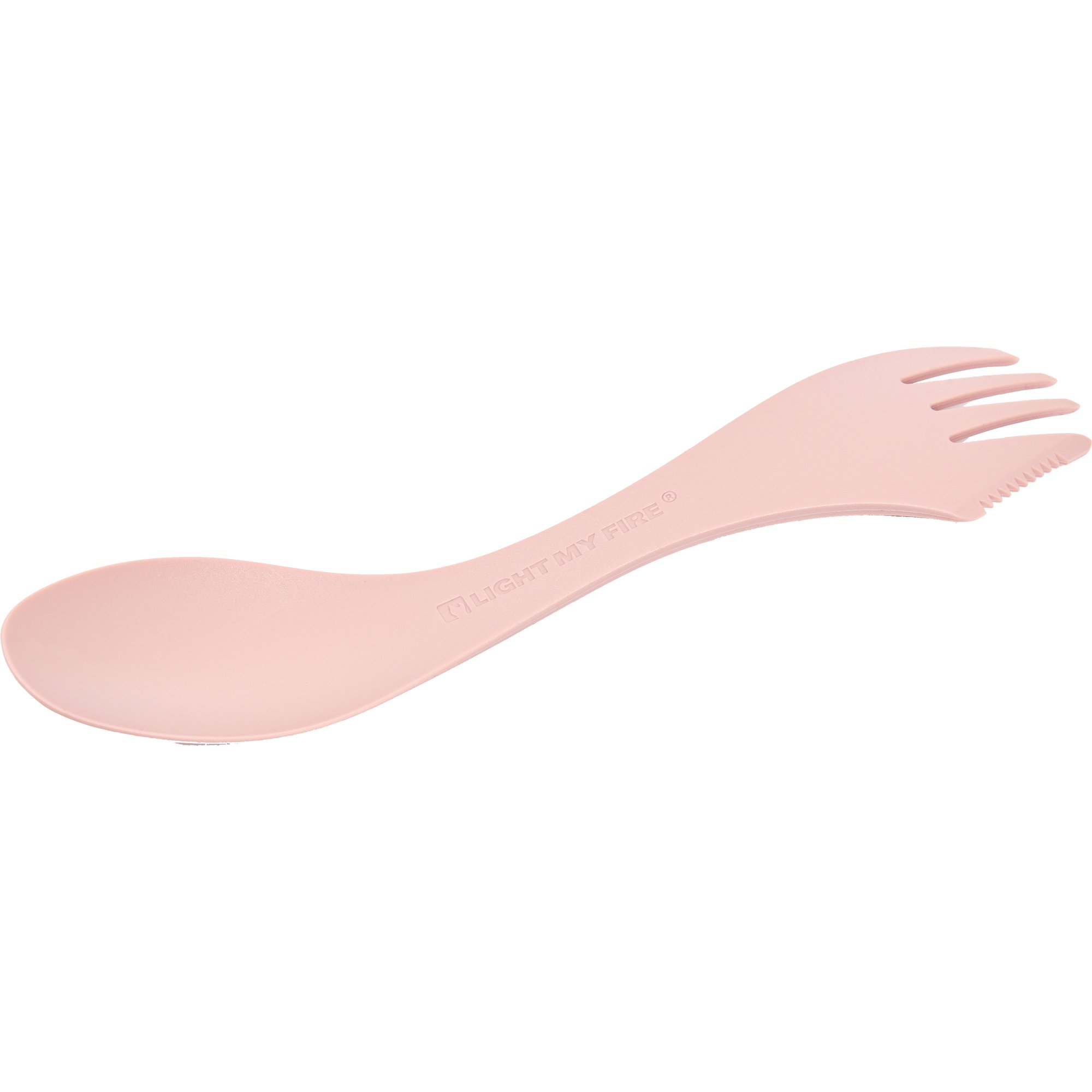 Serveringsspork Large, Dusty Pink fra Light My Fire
==
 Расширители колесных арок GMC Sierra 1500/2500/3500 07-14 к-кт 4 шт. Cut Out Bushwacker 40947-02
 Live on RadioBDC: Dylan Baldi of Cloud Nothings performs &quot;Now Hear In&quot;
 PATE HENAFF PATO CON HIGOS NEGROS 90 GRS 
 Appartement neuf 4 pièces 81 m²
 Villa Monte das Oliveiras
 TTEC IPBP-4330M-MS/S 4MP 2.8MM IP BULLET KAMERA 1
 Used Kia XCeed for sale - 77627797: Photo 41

▶ [WHAT YOU WILL DO]
Retype exactly the span of lines from the one with "Appartement neuf 4 pièces 81 m²" through the one with "Used Kia XCeed for sale - 77627797: Photo 41"; include both ends and omit the rest of the material.

▶ [SOLUTION TO THIS TASK]
 Appartement neuf 4 pièces 81 m²
 Villa Monte das Oliveiras
 TTEC IPBP-4330M-MS/S 4MP 2.8MM IP BULLET KAMERA 1
 Used Kia XCeed for sale - 77627797: Photo 41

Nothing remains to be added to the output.